All this would be a tough act to follow, which is why it was only sensible that it be preceded by a performance of Schuman's violin concerto featuring soloist Gil Shaham. Like many I was first informed about the music of Schuman by performing "Chester" in my high school band. This was useful information to the extent that the deconstruction of thematic material into unevenly spaced staccato punches is as much the substance of the violin concerto as it was of "Chester," which, having been composed in 1956, finds itself situated between the first (1947) and second (1959) "versions" of the concerto. The critical difference in the concerto is found in the lengthy solo violin passages that weave their way in a steady pulse of eight beats in and around the uneven orchestral pulses. This, by the way (to draw upon another of my favorite themes) is the essence of what John Dewey meant by "rhythm," which resides not in an evenly predictable pattern but in an unpredictability that mediates the known recollections of the past with the unknown anticipations of the future. (Leonard Meyer and Eugene Narmour would later develop a general theory of music around this in terms of what they called "expectations" and "realizations.")

Another "signature element" of the concerto is its rich orchestral texture, significantly reinforced by elaborate composition for the battery.

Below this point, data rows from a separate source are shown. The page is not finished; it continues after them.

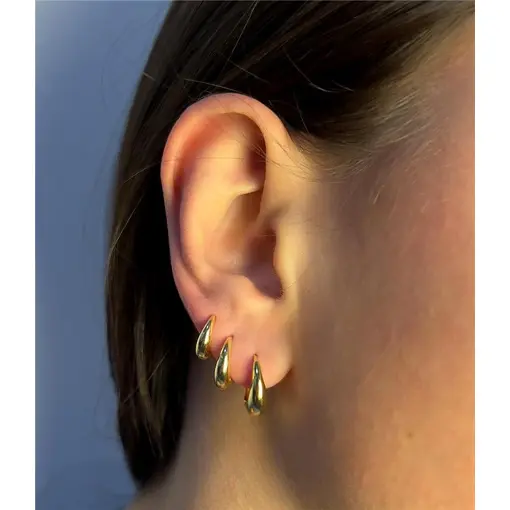 TRIO ARGOLA ARO LISO FRENTE EM GOTA | BANHADO EM OURO 18K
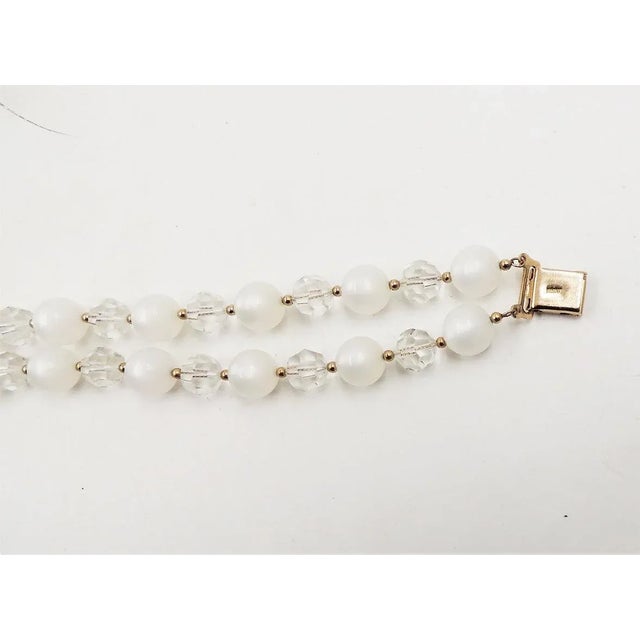 1960s Vintage 1960s Signed Napier Moonglow Beaded Bracelet For Sale - Image 5 of 6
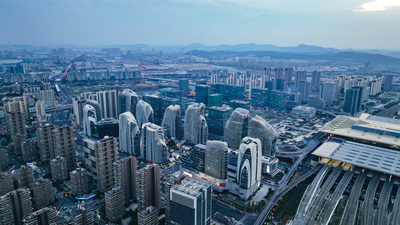 4K航拍南京地标喜马拉雅企业园区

This is "the fun part." It may lack the theoretical intricacies of the structure of the "Eroica" (or any of the other Beethoven symphonies, for that matter); but Schuman's music speaks with the same clear-but-brash American voice that we had experienced earlier this season in Samuel Barber's piano concerto and his "concert drama," "Andromache's Farewell." I would also venture to guess that much of the brashness in both of these composers stems from their having the good fortune of a music education free of the Europeanizing influence of Nadia Boulanger, whose list of students is practically a time capsule of twentieth-century music composition but who seemed to have little tolerance for the musical equivalent of Walt Whitman's "barbaric yawp."

On the other hand, where barbaric yawps are concerned, Thomas and Shaham made for a well-matched pair. Shaham jumped into the almost unrelenting drive of his solo work feet first and, for the duration of the concerto, looked like he was having one hell of a ball. Meanwhile, having already taken us into the respective turfs of not only Barber but also Charles Ives (whose music, ironically, had been coupled with Mendelssohn's violin concerto), Thomas had accustomed us all to the listening talents required for barbaric yawping. This was thus a concert in which the two halves complemented each other, a coupling of twentieth-century American brashness with a nineteenth-century Viennese venture out to the threshold of what would later be called romanticism. What more could we ask for in learning to be better listeners?